Risultati Unicredit da record
Andrea Orcel, ad di Unicredit

Banchieri più pagati, Orcel nel 2023 è nettamente primo in Italia. L’ad di Unicredit infatti, secondo quanto riportato da La Stampa, ha percepito 9,75 milioni, di cui 3,25 fissi e 6,5 variabili, in netta crescita rispetto ai 7,5 dell’esercizio precedente. Al secondo posto, ma a una distanza che per fare un parallelo calcistico ricorda quella del Milan dall’Inter capolista, Alberto Nagel, ad di Mediobanca, che per l’esercizio 2022-23 ha ricevuto una remunerazione totale di 5,8 milioni, il 30% in più rispetto ai 4,5 milioni del 2021-22. In terza posizione il ceo di Intesa Sanpaolo, Carlo Messina, che nel 2023 ha percepito 4,098 milioni divisi tra una componente fissa (2,620 milioni), invariata dal 2016, e 1,478 milioni dalle quote dei premi legati agli anni precedenti, cui si deve aggiungere la componente in azioni pari a 1,647 milioni, per un totale di 5,745 milioni. Medaglia di legno per il numero uno di Banco Bpm, Giuseppe Castagna, il cui compenso complessivo nel 2023 si aggirerebbe attorno ai 3 milioni di euro.
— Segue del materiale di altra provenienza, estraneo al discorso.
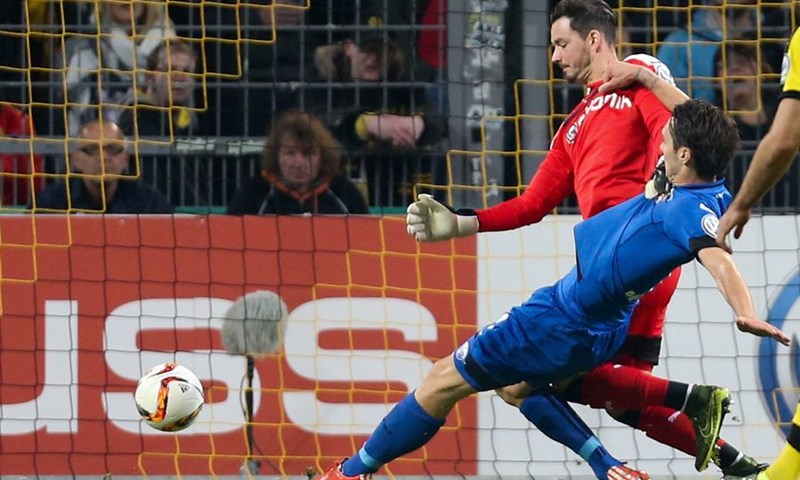 Golijade Borussije Dortmund i Bayera; Schalke se oprostio od Kupa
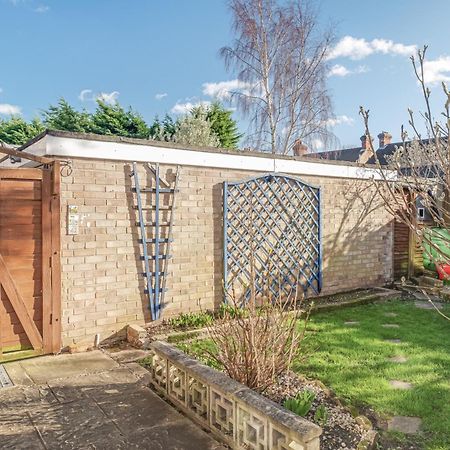 Comfy And Freshly Redecorated Home By Our Home Short Stays Close To Town Centre With Free Parking Bedford Exterior photo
Banchieri più pagati, in Europa in testa c’è Sergio Ermotti, ceo di Ubs

Luigi Lovaglio, ad di Banca Monte dei Paschi di Siena, nonostante il lavoro svolto finora per risanare l’istituto di credito, per colpa del “salarycap” stabilito con la Commissione europea in occasione del salvataggio della banca – lo stipendio del manager non può superare di 10 volte la retribuzione media dei dipendenti Mps – nel 2023 ha percepito un compenso di 947.400 euro.

Ma gli stipendi dei banchieri italiani non sono al livello di quelli dei più importanti colleghi europei. Secondo i dati riportati da La Stampa il più pagato è Sergio Ermotti, ceo di Ubs, che nei primi nove mesi dal suo insediamento (era il 1° aprile 2023) ha guadagnato 14,4 milioni di franchi (pari a circa 14,7 milioni di euro). Di questi 2,1 milioni costituiscono il salario fisso e 12,3 milioni la parte variabile come “performance award”, legata al lavoro di integrazione con Credit Suisse. In Spagna troviamo la prima e unica donna nella classifica di vertice, cioè Ana Botin di Banco Santander (11,7 milioni nel 2022), seguita nel Regno Unito da C.S. Venkatakrishnan di Barclays (11 milioni) e in Germania da Christian Sewing di Deutsche Bank (9,9 milioni).